When you pass a missing= mapping of column names to MissingSpec objects, missing_vals_tbl() switches from the sector heatmap to a structured breakdown: one row per column with the count and percentage of complete values and of each missing reason.

NoteSupplying missing= produces a different report

The structured breakdown is a distinct visualization, not an annotated version of the default sector heatmap. Adding missing= changes the table’s whole layout. The report title changes too (from “Missing Values” to “Missing Values by Reason”, or “Missing Pattern Heatmap” with as_heatmap=True), and the shared title styling and monospaced column list keep the two views recognizably part of the same family.

import polars as pl

survey = pl.DataFrame(
    {
        "age": [34, -98, 41, -99, 29, -98, 55, None],
        "income": [50000, -99, -1, None, 42000, -99, 38000, 61000],
    }
)

specs = {
    "age": pb.MissingSpec(reasons={-99: "not_asked", -98: "refused", -97: "dont_know"}),
    "income": pb.MissingSpec(reasons={-99: "not_asked", -1: "below_threshold"}),
}

pb.missing_vals_tbl(survey, missing=specs)
Missing Values by Reason
PolarsRows8Columns2
Column Complete Missing Reasons Null
not_asked refused dont_know below_threshold
age 4 (50%) 1 (12%) 2 (25%) 0 (0%) 1 (12%)
income 4 (50%) 2 (25%) 1 (12%) 1 (12%)

Each MissingSpec declares the sentinel values for a column and the reason each one represents. Those declared (coded) reasons are grouped under the Missing Reasons spanner. By default, actual Null values are also counted as missing; because those are raw Null/None/NA values and not part of the spec, they’re tallied in a fixed Null column at the far right (styled like Complete), rather than as a reason. Set null_is_missing=False on the spec if raw nulls should be treated as real values instead — then there’s no Null column at all.

The reason columns are the union of reasons across all the specs you provide. When a reason isn’t defined for a particular column, that cell shows an em dash () rather than 0. This signals “not applicable to this column”, as distinct from a reason that is defined but simply wasn’t observed (which shows 0 (0%)).
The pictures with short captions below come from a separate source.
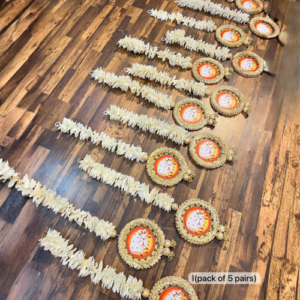 round-platefloral-toran-with-drape-strings-pack-of-5-pairs-entrance-wedding-decor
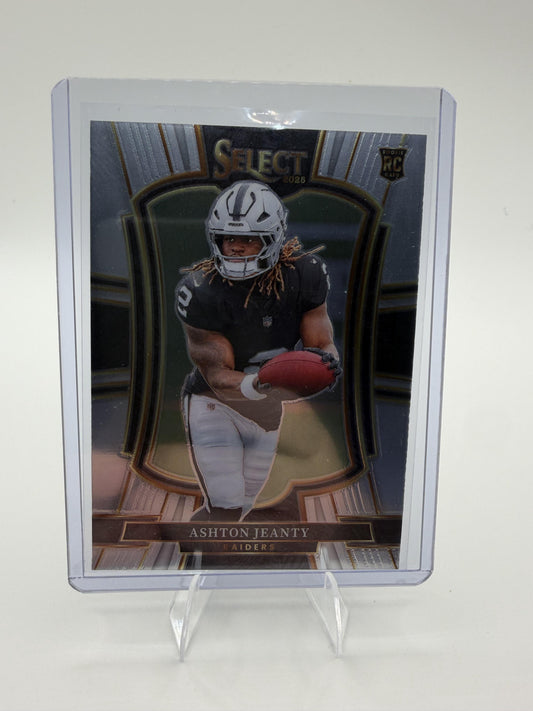 2025 Panini Select Ashton Jeanty Card Las Vegas Raiders #104 Premier Level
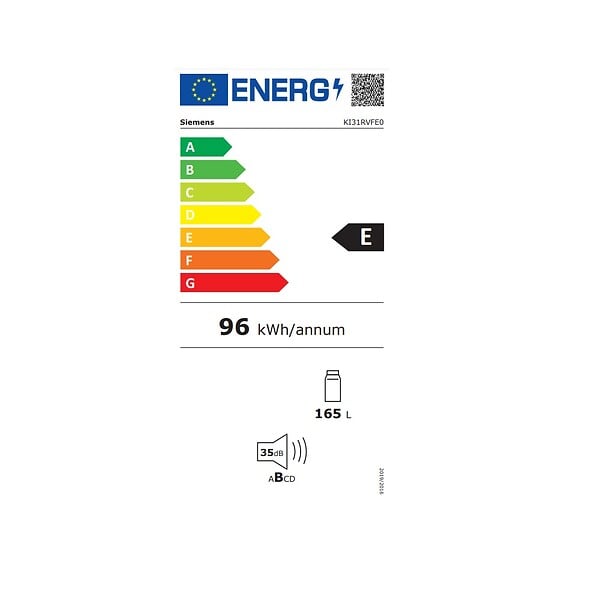 SIEMENS - réfrigérateur 1 porte intégrable à  pantographe 165l - KI31RVFE0 - large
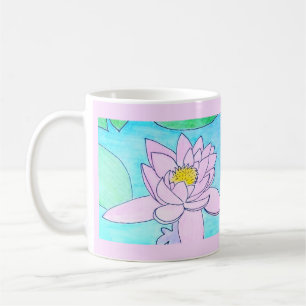 Single Water Lily Coffee Mug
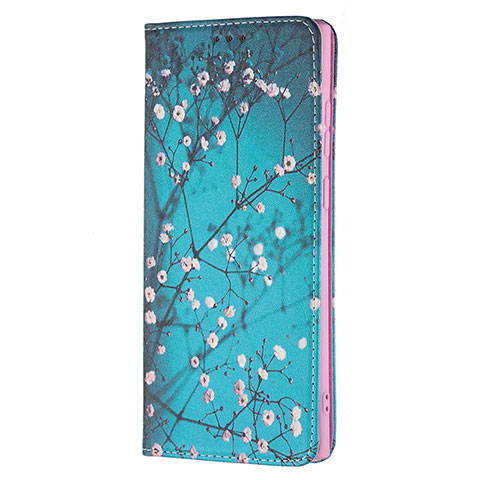 Coque Portefeuille Motif Fantaisie Livre Cuir Etui Clapet B01F pour Samsung Galaxy S23 Ultra 5G Cyan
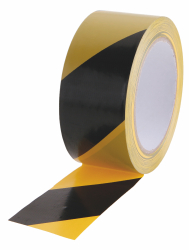 V�stra�n� p�ska samolepiaca 48mm/33m �lto-�ierna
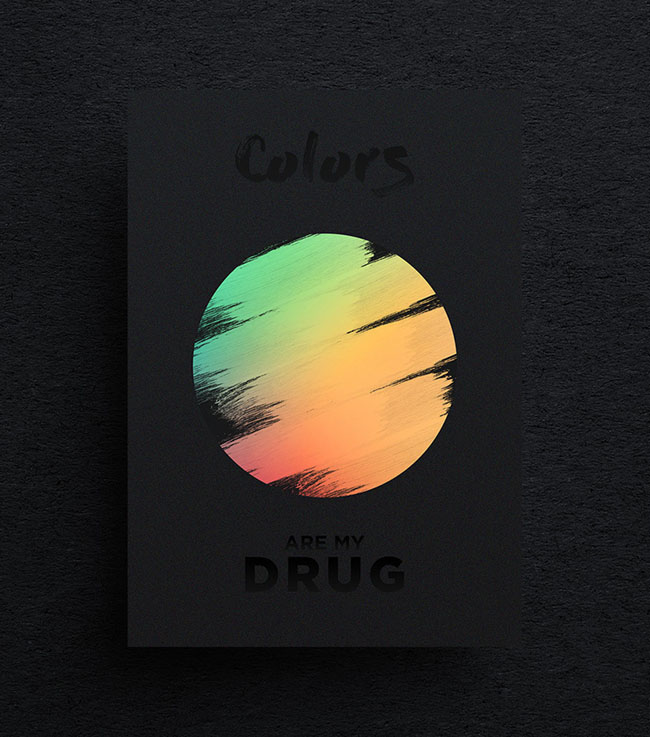 国外Colors are my Drug系列简约海报设计欣赏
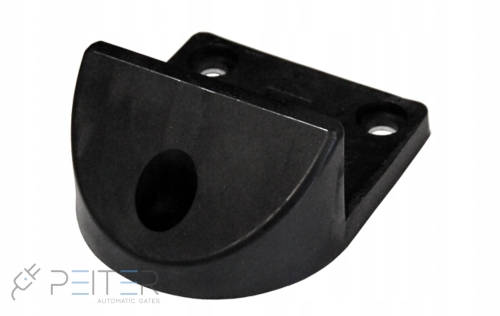 Czarny odbój do bramy - guma + metal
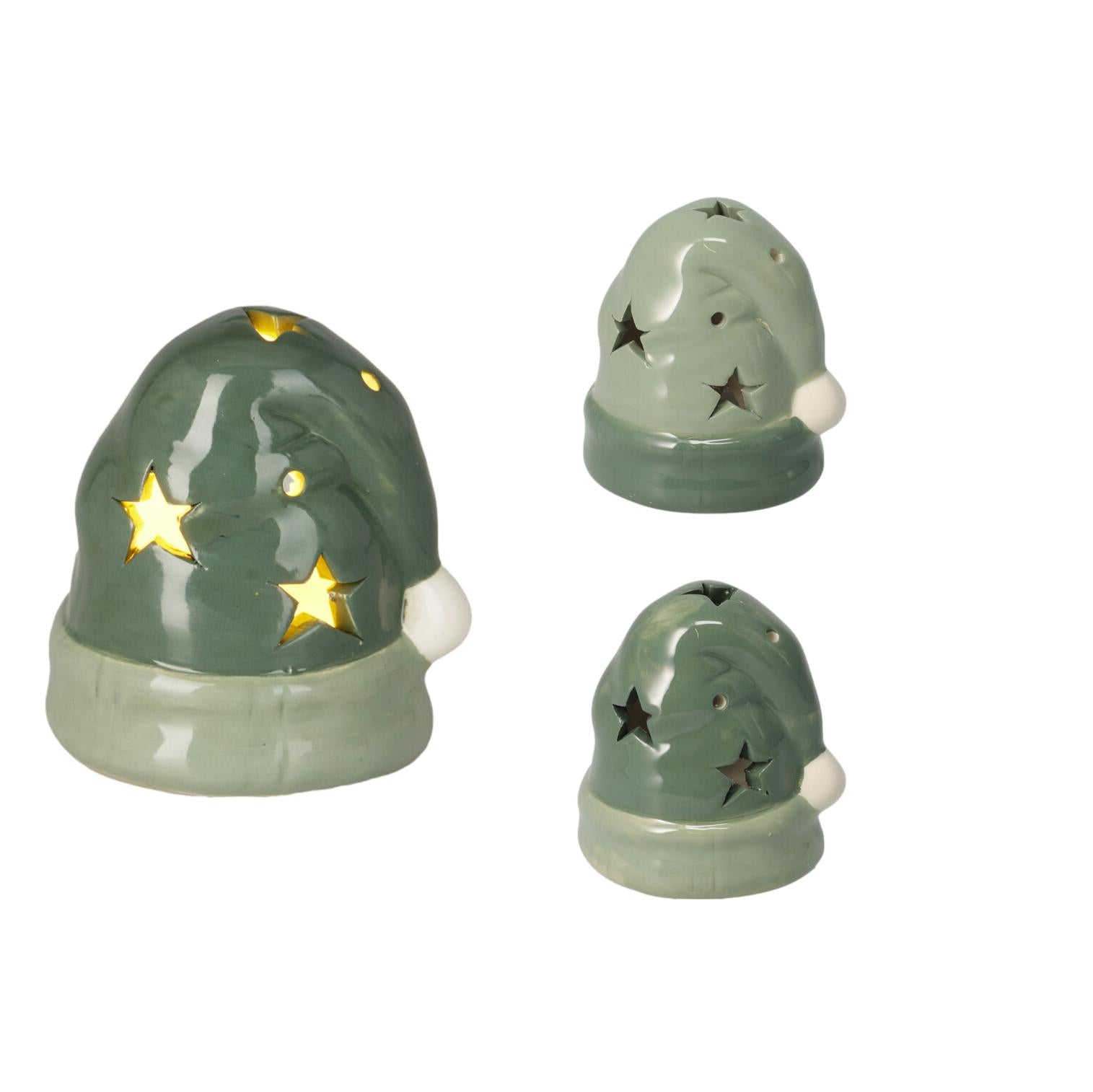 BARRETE PAI NATAL C/ LED 7X7Cm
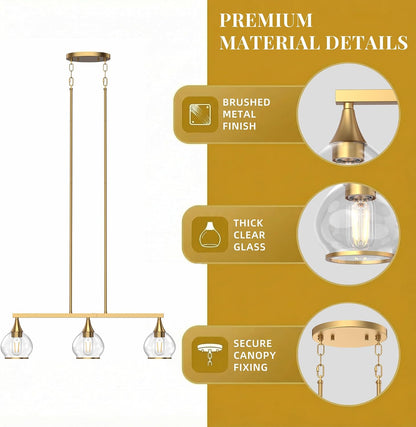 Trio Globe Glass Pendant Light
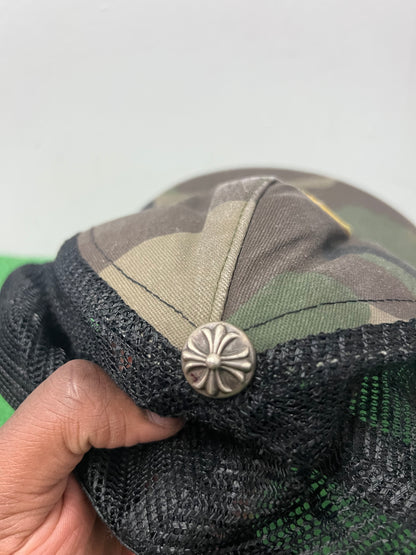 Chrome hearts camo cross patch hat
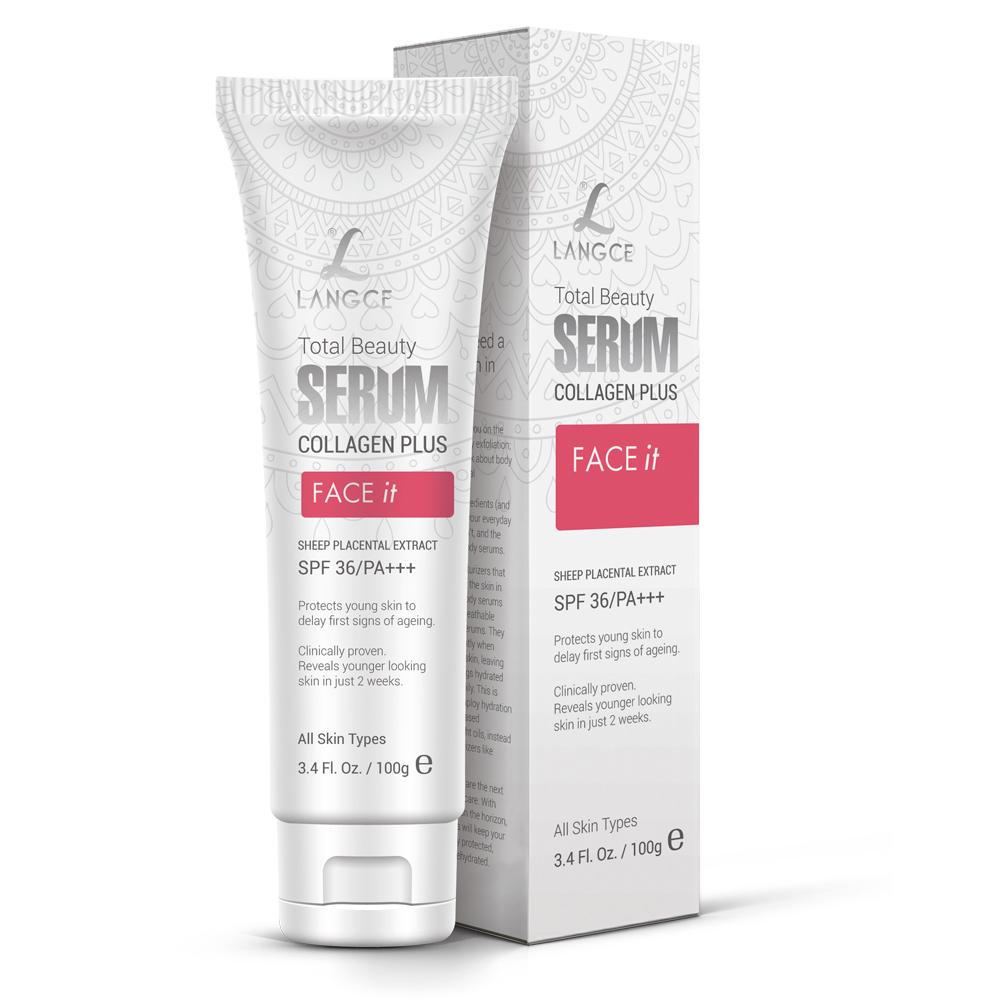 LANGCE Serum (Huyết thanh) đẹp da collagen+ FACEit - DA MẶT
Viewing the pattern as a heatmap

For a more visual read of where missingness concentrates, pass as_heatmap=True. The reason columns are then shaded from light to dark by the proportion missing:

pb.missing_vals_tbl(survey, missing=specs, as_heatmap=True)
Missing Pattern Heatmap
PolarsRows8Columns2
Column Complete Missing Reasons Null
not_asked refused dont_know below_threshold
age 50% 12% 25% 0% 12%
income 50% 25% 12% 12%

Pre-built specs for common standards

You don’t always have to define reasons by hand. MissingSpec provides factory methods for common encodings, including CDISC/HL7 null flavors and SAS special missing values:

cdisc = pb.MissingSpec.from_cdisc_null_flavors()
print("NASK ->", cdisc.reason_for("NASK"))   # not_asked
print("UNK  ->", cdisc.reason_for("UNK"))     # unknown
NASK -> not_asked
UNK  -> unknown

When metadata is imported from SPSS, Stata, or SAS files (see the Metadata Import section), MetadataImport.missing_specs() auto-generates a {column: MissingSpec} mapping from the variables’ declared missing values, ready to pass straight to missing_vals_tbl().

Note

The same MissingSpec objects power missingness-aware validation, not just reporting. You can pass missing= to the col_vals_*() methods (to exclude sentinel values from a check) and use the dedicated col_pct_missing(), col_missing_coded(), col_missing_only_coded(), and col_missing_consistent() validation steps. See the Validation Methods article for details.